No, no era una oda a la consecuencia. De ningún modo. Sólo deseaba ser un niño, y ya es sabido que los niños se caracterizan por ser inconsecuentes. Su talento era bailar al ritmo de las esferas, en otras palabras, se movía al compás del estallido hiperpotente de una supernova y era tal la magia que ponía en ese empeño, que miríadas de estrellas, recomponían sus ritmos para danzar con él. Su misión en esta vida era jugar, jugar siempre, pese a que algunos quisieran lucrar con sus luces y tratar de sistematizar lo que no tenía orden.
Ante todo eso, se rebelaba, se desgañitaba y hasta en ese trance, su sustantivo vagido poseía musicalidad inusitada. Entonces, hordas de seres que acudían tras esa prestidigitación vocal, caían desvanecidos, sordos a toda sensatez, abducidos por esas notas desgarradoras que les hacían presentir que el infierno estaba acá, a ras de piso y que sólo la persecución de aquellas sonoridades los elevaba al anhelado cenit espiritual.

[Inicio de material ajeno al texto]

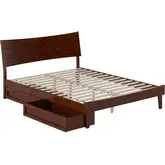 Phoenix Queen Platform Bed & Storage Drawers in Walnut Finish Wood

Excéntrico, como un niño, o como un loco, daba impulso a todas sus fantasías, a todas, no existía lo increíble para él, lo limitado se prolongaba hasta hacerse ilimitado y la Nada parecía sustanciarse en sus parajes de ensueño. Se transmutó, por ello, cambió todo lo trocable y hasta él fue un personajillo camaleónico que se sumergía en egoístas ensueños, cristalizándolos más tarde en realidades absolutas.
Pero, un túnel oscuro pretendió succionarlo y extendió sus fauces aleccionadoras. Él, herido, sin sus alas, mustio como una flor desgajada, guardó silencio y el baile y los vagidos aquietaron su impetuosa naturaleza. Se perdió en los extramuros de la sociedad permitida, mimetizó su andar y ya no produjo éxtasis ni locura. A ningún astro le está prohibido danzar en la ronda celestial, del mismo modo, a ningún niño se le ocultan sus parques de juegos.
Y cuando quiso regresar a sus andanzas, se miró al espejo y contempló las huellas que otros seres ocultan con excusas existencialistas, jugar, siempre jugar, no, se sentía cansado. De todos modos, intentó sobrevolar sus miedos, pero, algo frenaba sus expectativas. Ya nada era igual.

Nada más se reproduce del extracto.